Na sequência, a última banda da noite, o THERION. Até então a espera tinha sido agradável, repleta de boa música, então, os ânimos de todos estavam amenos. O que até que foi necessário, já que as cortinas resolveram pregar uma peça na atração principal, e tomaram seu próprio tempo até decidirem se abrir para revelar a banda. Em uma noite agradável, soou como algo curioso e engraçado, e muita gente inclusive achou que era parte do show.
Já com as cortinas devidamente abertas, o Therion foi aparecendo aos poucos, conforme Theme of Antichrist ia exigindo a presença de cada músico. A estratégia nada incomum de abrir a apresentação com uma faixa do recém-lançado Beloved Antichrist, funcionou a contento, mas foi com a clássica The Blood of Kingu que, digamos, ‘a porra ficou séria’. Primeira faixa de Sirius B (2004) a ser tocada na noite, ela foi também a primeira representante da época em que os suecos alcançaram o auge da sua popularidade, fato mais uma vez comprovado nesta apresentação. A rápida e pesada Din rendeu algum ‘bate cabeça’ antes do retorno à serenidade oferecido por Bring Her Home, mais uma das novas composições a garantir seu espaço no repertório.
A ‘covardia’ começou de fato após Night Reborn: numa sequência avassaladora, Nifelheim e Ginnungagap colocaram Secret of the Runes (2001) no jogo, que seguiu arrasando com Typhon, uma das mais conhecidas de Lemuria (2004). A performance dos vocalistas Thomas Vikström, Linnea Vikström e Chiara Malvestiti estava perfeita (pra variar), e após um descanso com Temple of New Jerusalem, já tínhamos os clássicos de novo, com a perfeita An Arrow From the Sun (Lemuria, 1994), seguida de perto por Wine of Aluqah (Vovin, 1998), Lemuria e Cults of The Shadow (Theli, 1996).

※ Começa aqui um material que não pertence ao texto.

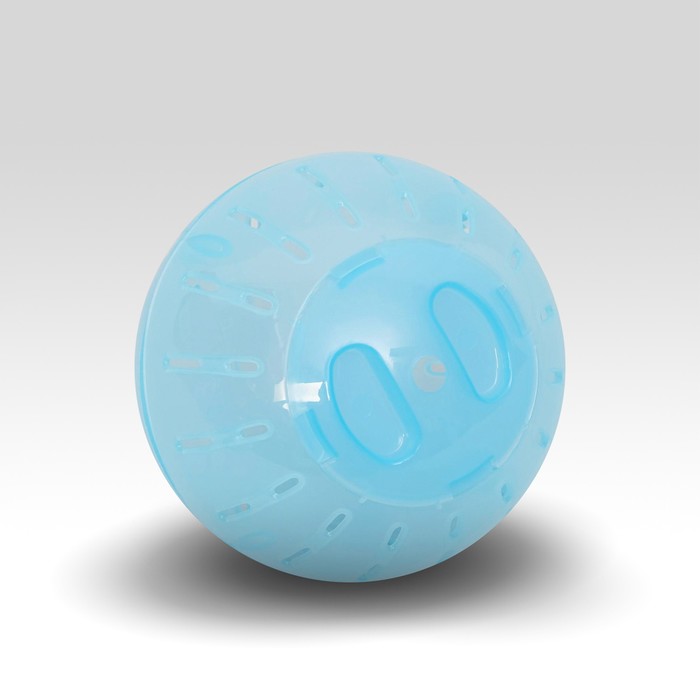 Шар для грызунов, 10 см, голубой
Шар для грызунов, 10 см, голубой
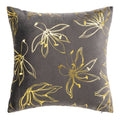 SAFAVIEH Home Collection Yari Blossom 18-inch Grey/Gold Decorative Accent Pillow PLS7146A-1818, 19"x19"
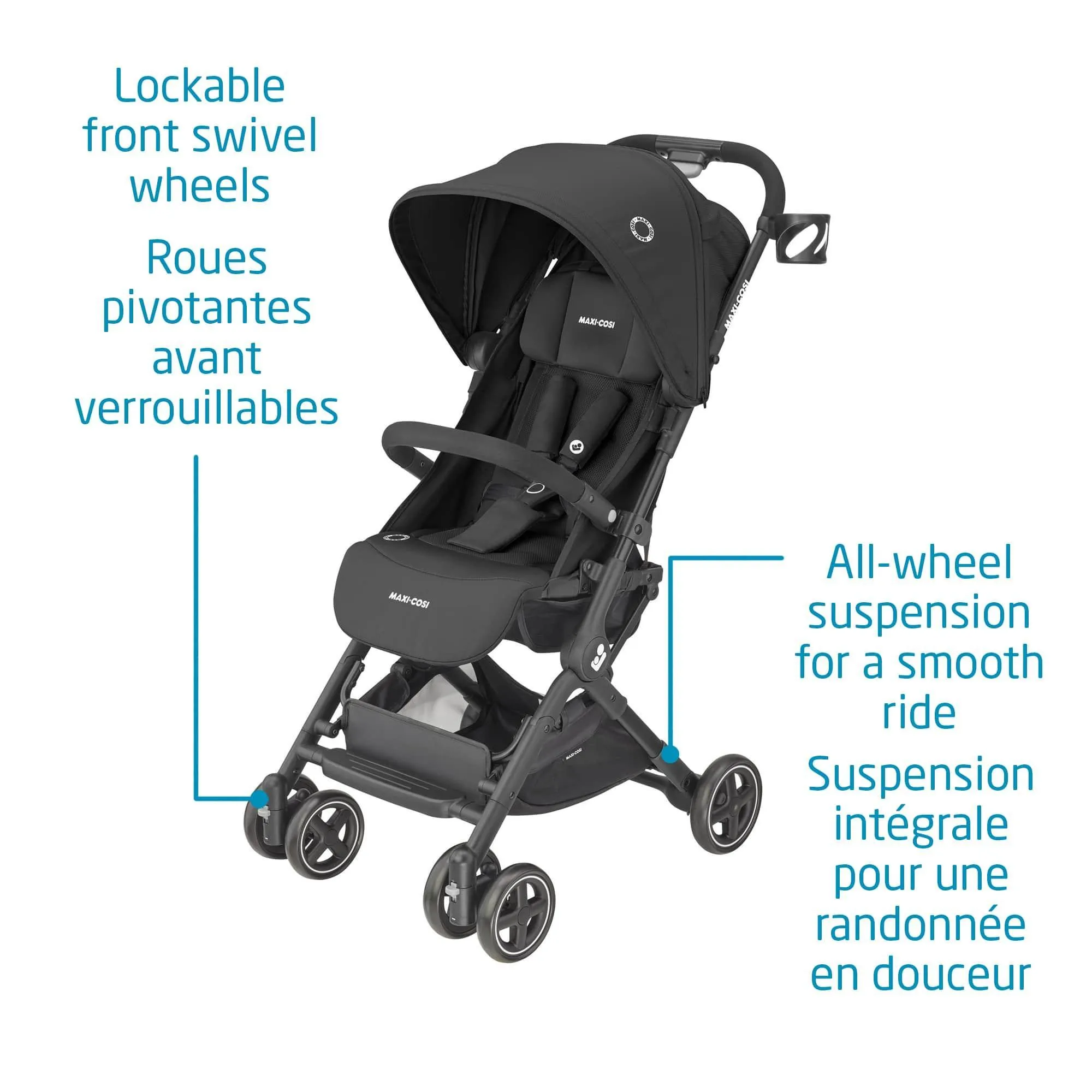 Maxi Cosi Lara Ultracompact Stroller - Essential Black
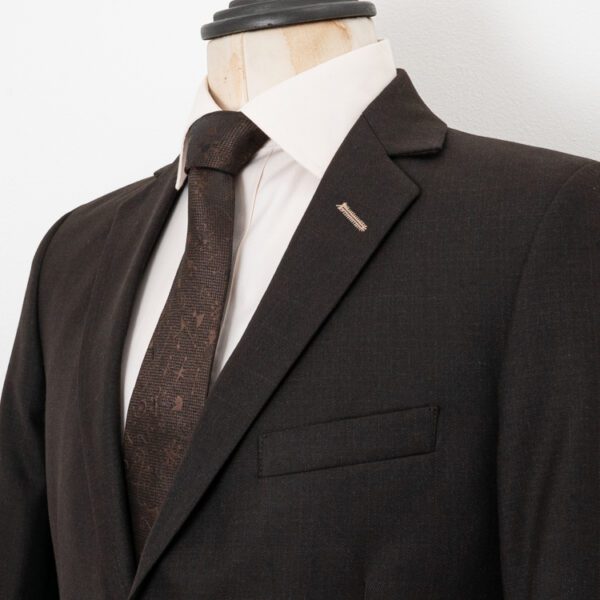 traje caf estructura plana marca smart slim 153006 CAFE 2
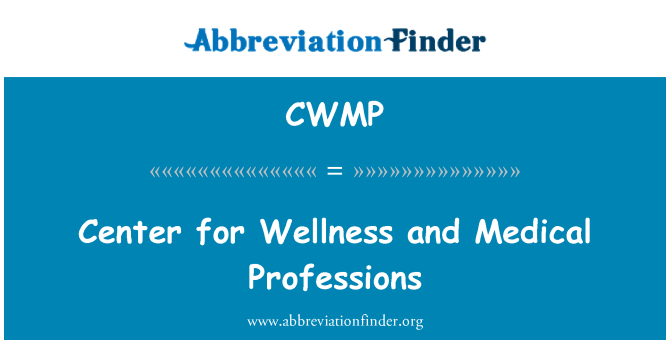 CWMP: Iċ-Ċentru għall-Wellness u professjonijiet mediċi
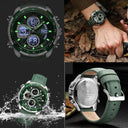 NAVIFORCE Stylish LED Military Watch for Men Elegant Timepiece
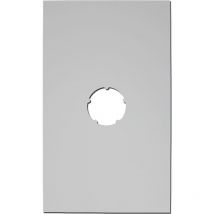 Plaque de finition plafond blanche 500x300mm Ø 140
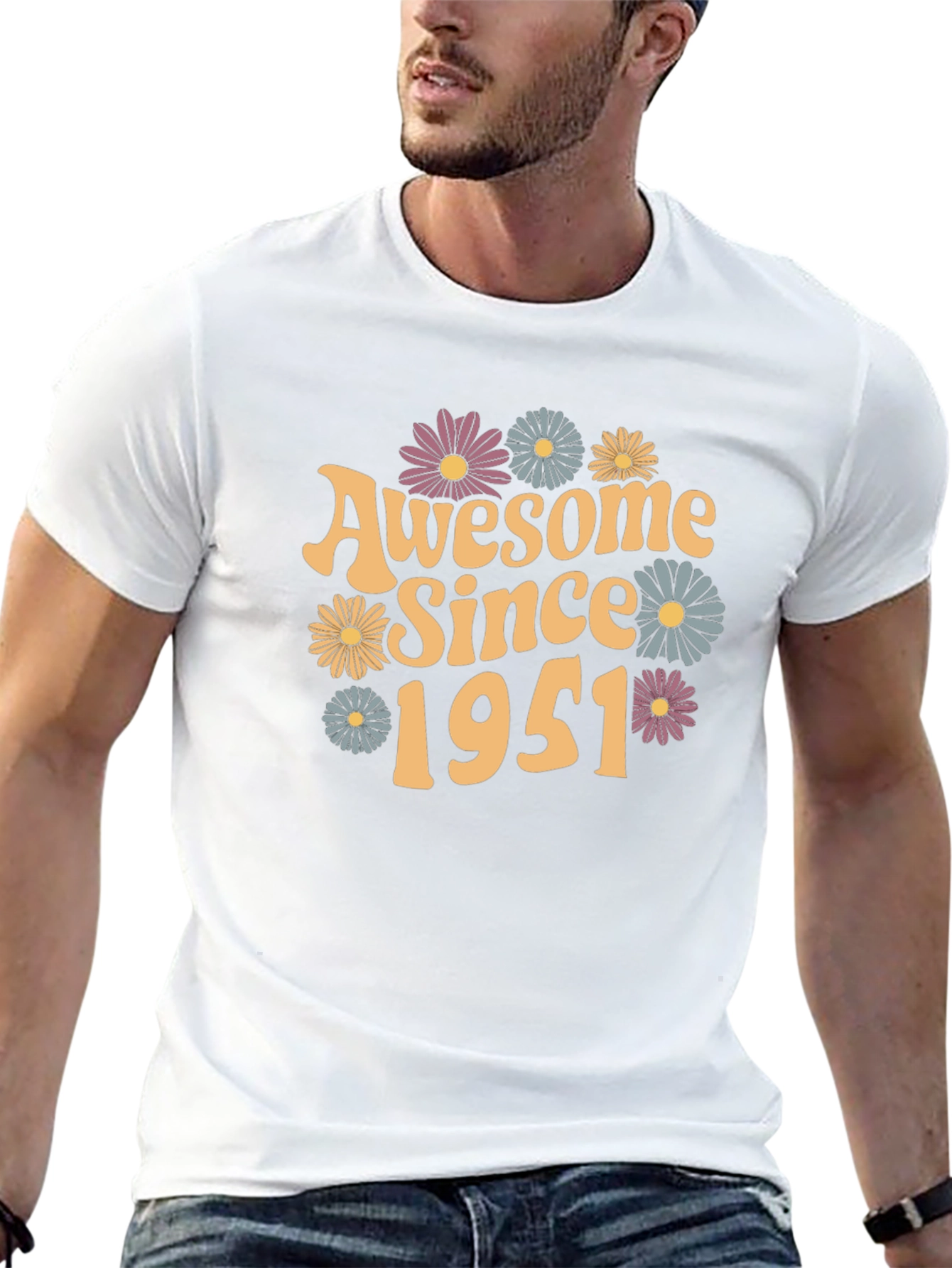 Awesome Since 1951 Floral Graphic Tee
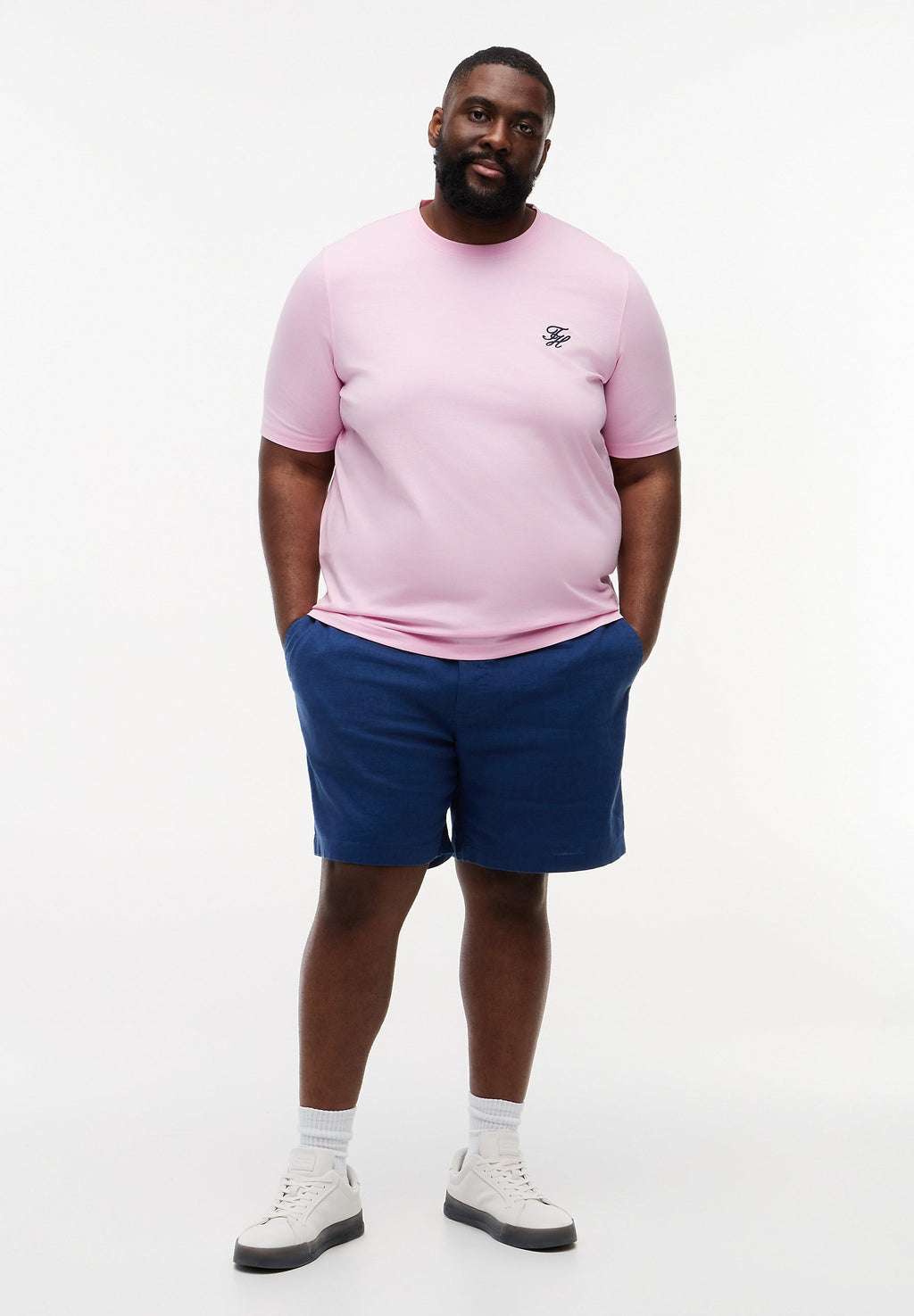 PLUS DOVER LINEN BLEND 8" INSEAM CHINO SHORTS Media 2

Acredite, porém, quando eu digo que o melhor ainda estava por vir: o final da apresentação contava com alguns dos maiores clássicos da carreira do Therion, e com uma banda visivelmente satisfeita com sua performance, o maior de todos os clássicos, Rise of Sodom and Gomorra (com os vocalistas postados atrás da linha de cordas) e To Mega Therion fecharam uma apresentação perfeita, em uma noite perfeita. Ah, sim, poderia ter durado muito mais. Quem sabe então veríamos Birth of Venus Illegitima, Invocation of Naamah, Flesh of the Gods, Son of the Sun, In the Desert of Set, Riders of Theli, Baal Reginon… Pois é, quem pode deixar de lado tantos clássicos e ainda assim fazer um show perfeito? O Therion.